Cholinergic neurons in the CNS have long been suspected of co-releasing GABA, based on extensive co-expression of GABAergic and cholinergic markers in many vertebrate species¹⁴. Unambiguous functional evidence of co-release was found in an elegant study of the mouse retina that demonstrated, using paired whole-cell recordings, that monosynaptic GABAergic and cholinergic transmission occurs from starburst amacrine cells (SACs) onto direction-sensitive retinal ganglion cells (DSGCs)¹⁵. Interestingly, this study revealed that vesicular release of GABA and ACh is differentially regulated by intracellular Ca²⁺, and is spatially uncoupled: whereas ACh transmission is reliably evoked in [AU: OK?] all SAC-DSGC pairs, GABA release occurs preferentially in response to visual stimuli moving in one particular direction, and is significantly biased to one half of the radial dendritic tree of a DSGC¹⁵. The spatial bias emerges from asymmetric development of SAC GABAergic synapses onto DSGCs^{16, 17}. These data strongly suggest that SACs package GABA and ACh into distinct populations of synaptic vesicles that distribute to non-overlapping, or partially-overlapping presynaptic terminals (FIG. 1d).

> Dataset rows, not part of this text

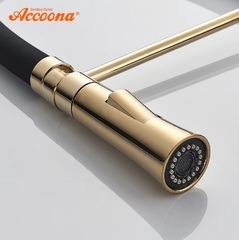 Смеситель для кухни черный + золото с гибким изливом Accoona A4890WF-1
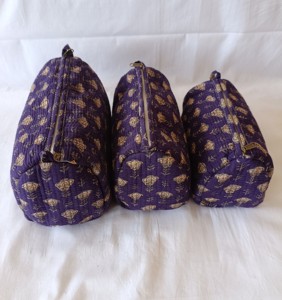 Quilted Cotton Makeup Bag <b>Travel</b> Cosmetic Carry <b>Pouch</b> with Zipper Manufacturer Wholesaler Cosmetic Case - Product Image 2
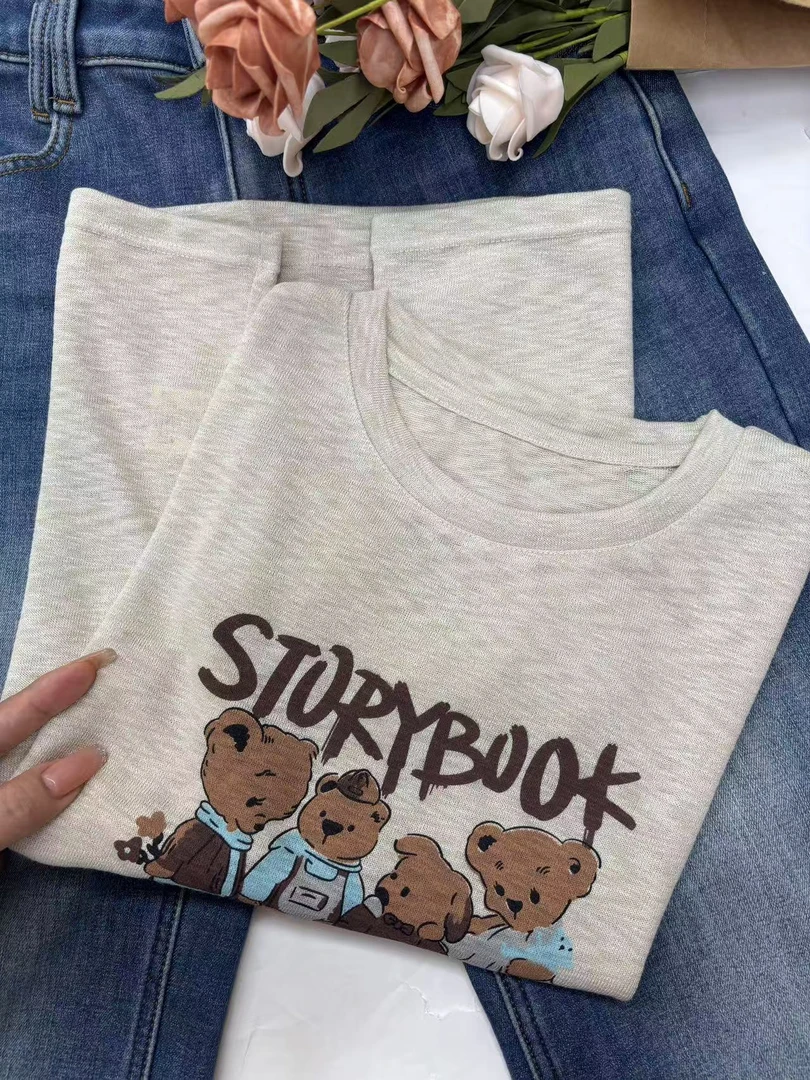 （玉姐家）洋气设计感时尚圆领卡通短袖小熊 新选f1144 J09255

More recently, functional evidence of co-release of GABA and ACh has been found in the cortex of mice, which receives most of its cholinergic input from basal forebrain projection neurons. Optogenetic activation of cholinergic fibers in general¹⁸, or of cholinergic fibers originating in globus pallidus specifically¹⁹, evoked postsynaptic responses in inhibitory cortical interneurons mediated by both GABA_A and nicotinic ACh receptors. The short onset latency and pharmacological properties of GABAergic currents suggest that cholinergic fibers directly release GABA. As in the retina, cortical ACh–GABA co-release appears to occur through separate populations of synaptic vesicles, because individual cortical interneurons often exhibited responses to only one transmitter, and labeling of cholinergic presynaptic terminals from the globus pallidus showed spatial segregation of vesicular transporters for GABA and ACh^{18, 19}. However, further research is required to determine the precise presynaptic mechanism and postsynaptic targets of ACh– GABA co-release in cortex.

Dopamine–GABA

Dopamine is synthesized from tyrosine by the enzymes tyrosine hydroxylase (TH) and aromatic-L-amino-acid decarboxylase (AADC) and is loaded into synaptic vesicles via the vesicular monoamine transporter 2 (VMAT2, encoded by Slc18a2). The identification of neurons capable of releasing dopamine has historically centered on labeling TH in neurons and, more recently, on the use of mice expressing transgenes under the control of the TH promoter. These approaches revealed that a surprisingly high number of TH-expressing cells also express GADs, and might therefore co-release GABA²⁰. However, careful analyses revealed that low levels of TH mRNA are transcribed in many neurons during development and in adulthood without generating detectable amounts of TH protein or dopamine, and that several populations of TH-expressing neurons in cortex, striatum, hypothalamus, and midbrain lack expression of AADC and VMAT2, and the ability to release dopamine^20–23. Therefore care should therefore be taken when determining the neurochemical identity of a cell and identifying neuronal candidates for co-release in the adult brain. This is generally true for all optogenetic studies, as non-specific opsin expression in even a small number of off-target cells could easily be misinterpreted as co-release from one population of neurons²⁴.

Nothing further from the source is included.